Existing home sales fell in July

Decline of 2.6% reported

weakness was unexpected

`We could ... be close to the peak'

Median price rose to $218,000, a 14.1% increase over 2004

August 24, 2005|By NEW YORK TIMES NEWS SERVICE

The nation's long housing boom appears to be losing steam.

Sales of existing homes fell more than expected in July and prices were virtually flat compared with the previous month, the National Association of Realtors reported yesterday.

Perhaps most significant, the price of condominiums, which have recently attracted a growing number of speculators looking to cash in on the boom, fell for the second straight month, while the number of condos on the market rose sharply.

"We could very much be close to the peak at this time," said Lynn Reaser, chief economist at Bank of America's capital markets group.

"There are signs that investors are becoming a little more cautious about the housing market," she added. "Sellers of the higher price homes are not getting their asking prices, and there is a buildup of inventories."

Economists cautioned that house sales remain near record highs and that the slowdown may turn out to be more of a blip than a clear signal that the boom is reaching a peak.

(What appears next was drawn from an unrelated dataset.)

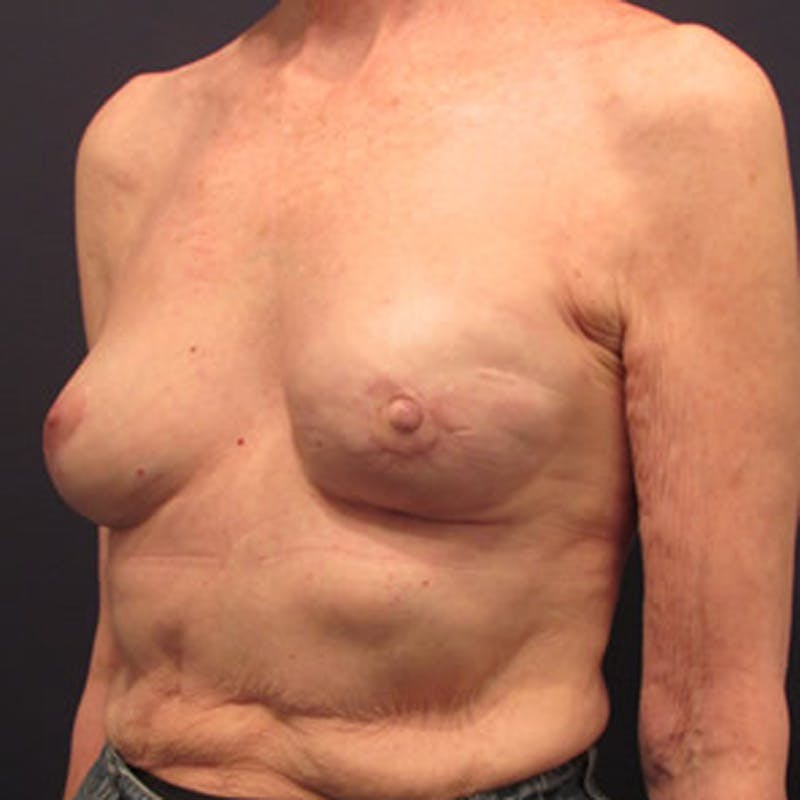 Breast Reconstruction Before & After Gallery - Patient 174163231 - Image 6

The agents' association adjusts its numbers to take into account seasonal variations like summer vacations; the adjustments are only an estimate, however, and the picture will not become clearer until more data is available, analysts said.

Still, the unexpectedly weak report - especially the softening of the condominium market - caught investors off guard and helped push down stock prices early in the day. The market recovered later, but the Dow Jones industrial average lost 50 points to 10,519, and the Standard & Poor's 500 and Nasdaq composite indexes lost 4 points apiece.

The overall number of homes sold last month fell 2.6 percent to an annual rate of 7.16 million; economists had expected existing home sales to reach an annual pace of 7.25 million in July. The median price of condos and co-ops fell 1.1 percent to $219,000.

"It's not just that the sales level was down but look at the difference between single-family and condos," said Ken Mayland, president of ClearView Economics based in Ohio.

Single-family home sales fell 2.3 percent while condo and co-op sales fell 5 percent. Compared with July 2004, overall sales were still up 4.7 percent last month.

The median sales price - the price at which half the homes sold for more and half sold for less - rose only slightly from June but was up 14.1 percent from a year ago, to $218,0000, according to the real estate agents.

"It's still a sellers' market, although I don't know that we are seeing as many multiple offers and huge increase in the list price," said Thomas R. Kunz, president and chief executive of Century 21, the real estate brokerage company.

There were enough condos for sale - about 404,000 units - to keep the market supplied for 5.3 months, up from 329,000 units and 4.1 months in June and 3.5 months in July 2004.

Overall inventories rose 2.6 percent, to 2.75 million homes, in July, a 4.6-month supply of homes. That is the greatest supply since 2003, but still well below historic levels of six months, real estate executives said. The single-family house inventory of 4.5 months was little changed.

To Kunz of Century 21, the slowdown in sales was a welcome development, he said, because the market had reached unsustainable highs in some states like California.

Often the fastest growing region in recent years, the West last month experienced the biggest drop in number of homes sold - 7.5 percent - and prices in the region were flat. That appears to confirm reports from local real estate agents that growth was beginning to slow.

Kunz said sales were coming off a peak in some California markets, but that other areas in the region, like Phoenix and its suburbs, were still going strong. "California just controls such a huge part of the market that it overshadows everybody else," said Kunz, who recently moved to New Jersey from Southern California.

Even in California, local experts say the market remains robust with prices up 16 percent from a year ago. That's down from average increases of 18 percent in 2003 and 24 percent in 2004, but faster than the rest of the nation, said Michael Carney, a professor at Cal Poly University, Pomona and director of the Real Estate Research Center.

"There are lots of people who are trying to find signs of cooling," Carney said. "I don't see it at this time."

The South was the only one of four regions not to register a decline in sales, but prices there fell 1 percent. Sales of existing homes dipped 3.3 percent in the Northeast and median prices edged up slightly. And the Midwest saw a 1.8 percent dip in sales and a 2.3 percent rise in prices.

Mortgage rates rose slightly in July but were still below year-ago levels. According to Freddie Mac, the average 30-year fixed mortgage rate in June was 5.70 percent, up from 5.58 percent in June but less than the 6.06 percent level in July 2004.